## YOUR ASSIGNMENT
Please print nothing but the lines from the one with "Radiant Modern Glass" to the last line of the records below, and omit pictures.

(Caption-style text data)
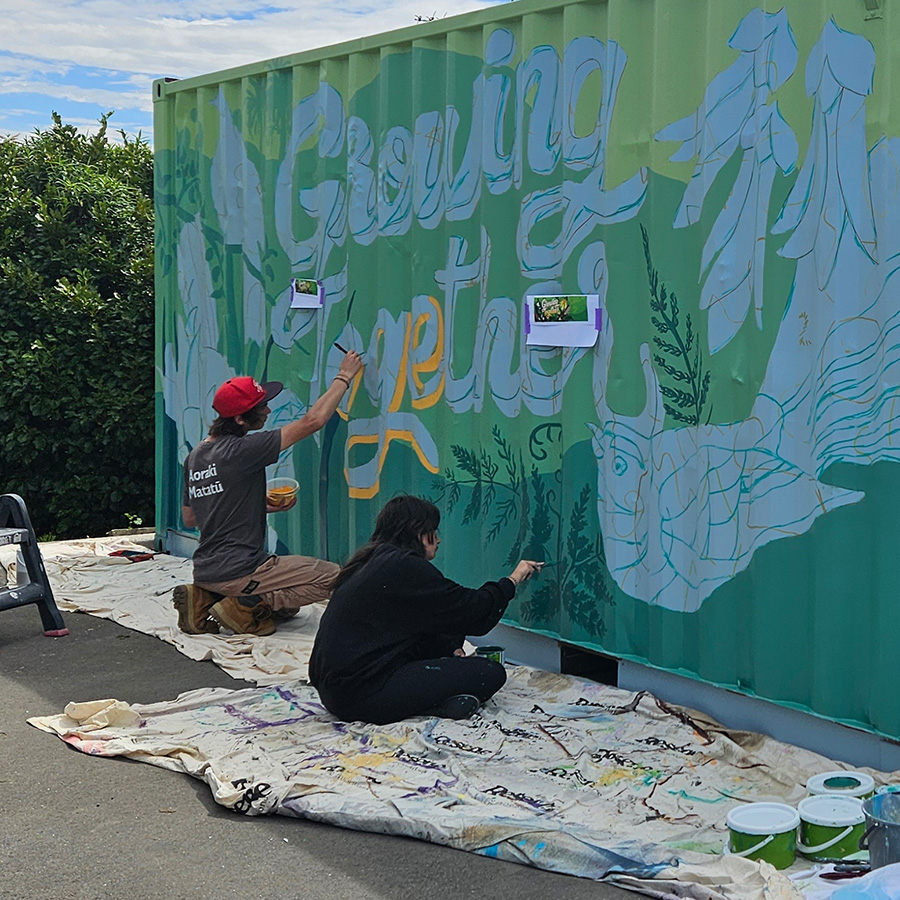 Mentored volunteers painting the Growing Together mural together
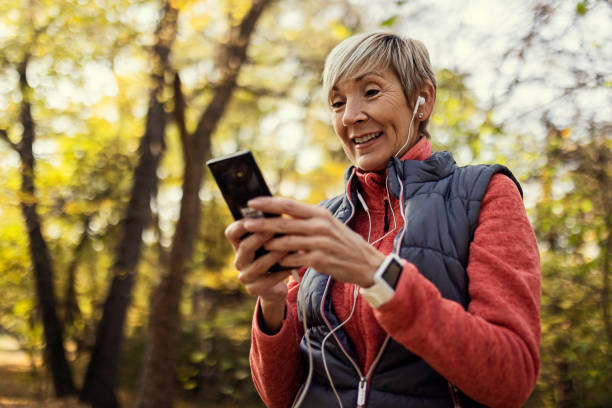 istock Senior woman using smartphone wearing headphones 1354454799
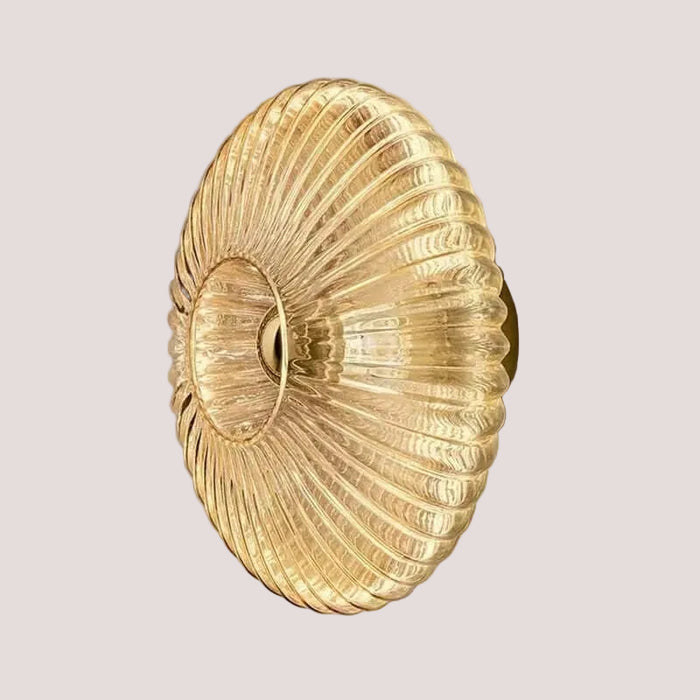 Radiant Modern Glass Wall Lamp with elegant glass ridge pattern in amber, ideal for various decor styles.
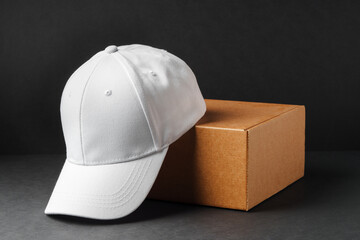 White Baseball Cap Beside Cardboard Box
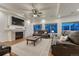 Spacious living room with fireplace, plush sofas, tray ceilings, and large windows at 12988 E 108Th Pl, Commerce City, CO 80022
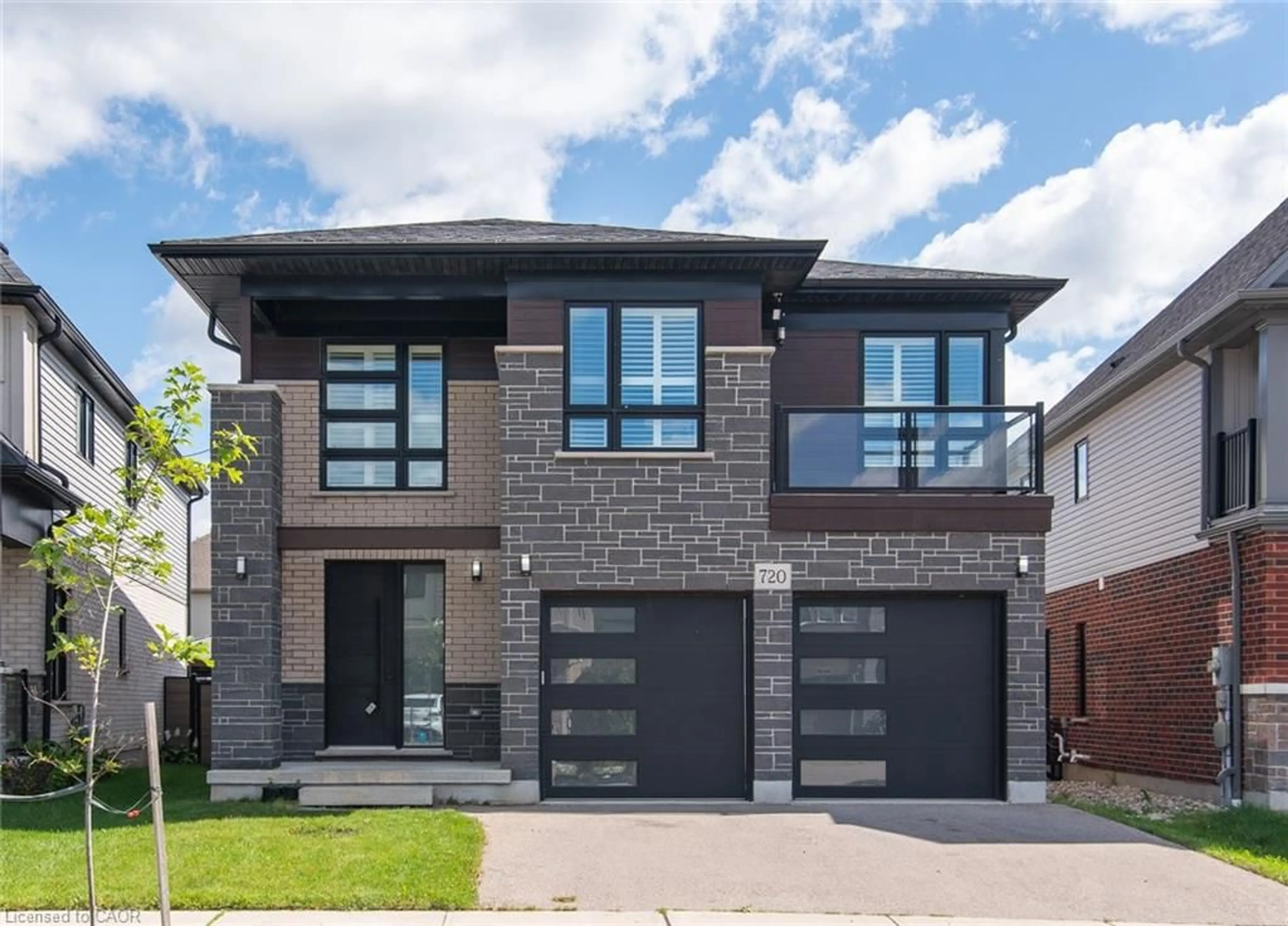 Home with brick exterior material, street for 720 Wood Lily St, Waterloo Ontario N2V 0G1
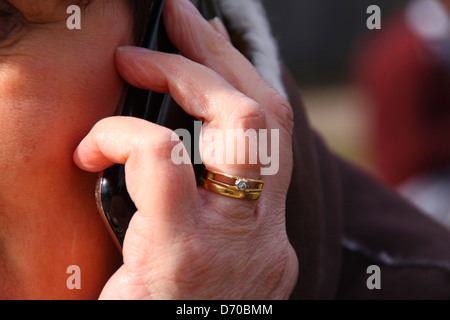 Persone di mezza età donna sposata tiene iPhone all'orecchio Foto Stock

## EXPECTED OUTPUT
 Radiant Modern Glass Wall Lamp with elegant glass ridge pattern in amber, ideal for various decor styles.
 White Baseball Cap Beside Cardboard Box
 Spacious living room with fireplace, plush sofas, tray ceilings, and large windows at 12988 E 108Th Pl, Commerce City, CO 80022
 Home with brick exterior material, street for 720 Wood Lily St, Waterloo Ontario N2V 0G1
 Persone di mezza età donna sposata tiene iPhone all'orecchio Foto Stock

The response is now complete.